_WORK ITEM_
With the pictures left out, set down the line containing "Nasi Lemak Bandong" and each line after it to the end of the material, exactly as written.

_RECORDED INFORMATION_
——

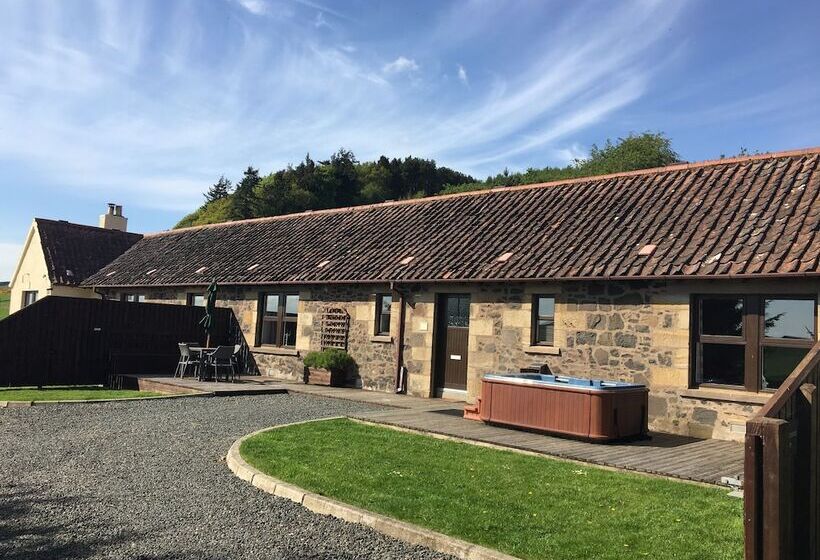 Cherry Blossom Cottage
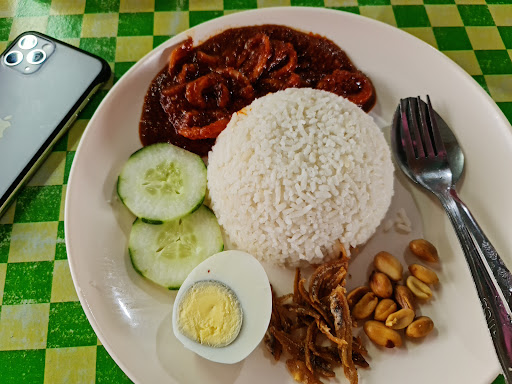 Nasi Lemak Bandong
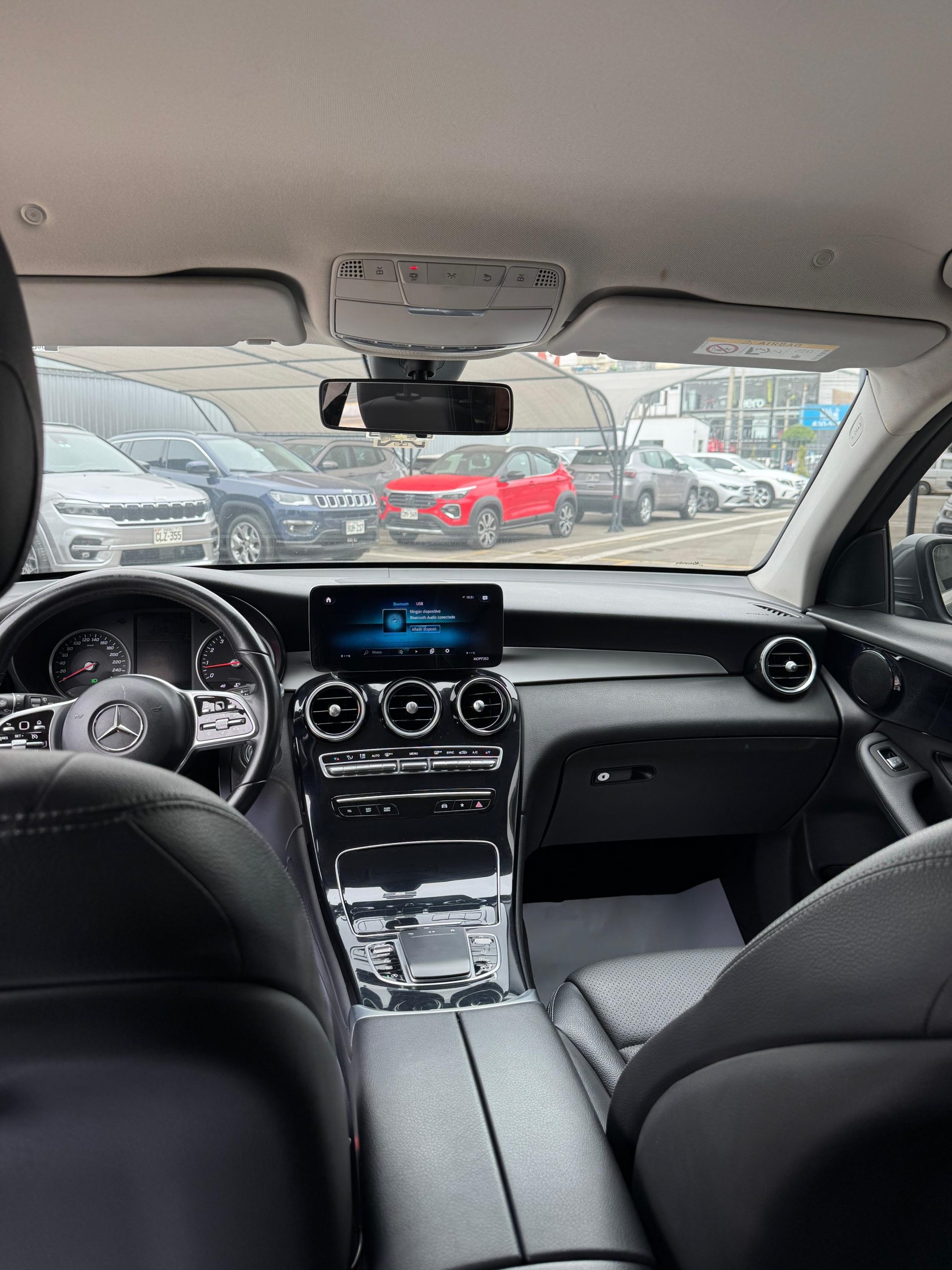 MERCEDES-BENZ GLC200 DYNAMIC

——

_OUTPUT FOR THIS TASK_
 Nasi Lemak Bandong
 MERCEDES-BENZ GLC200 DYNAMIC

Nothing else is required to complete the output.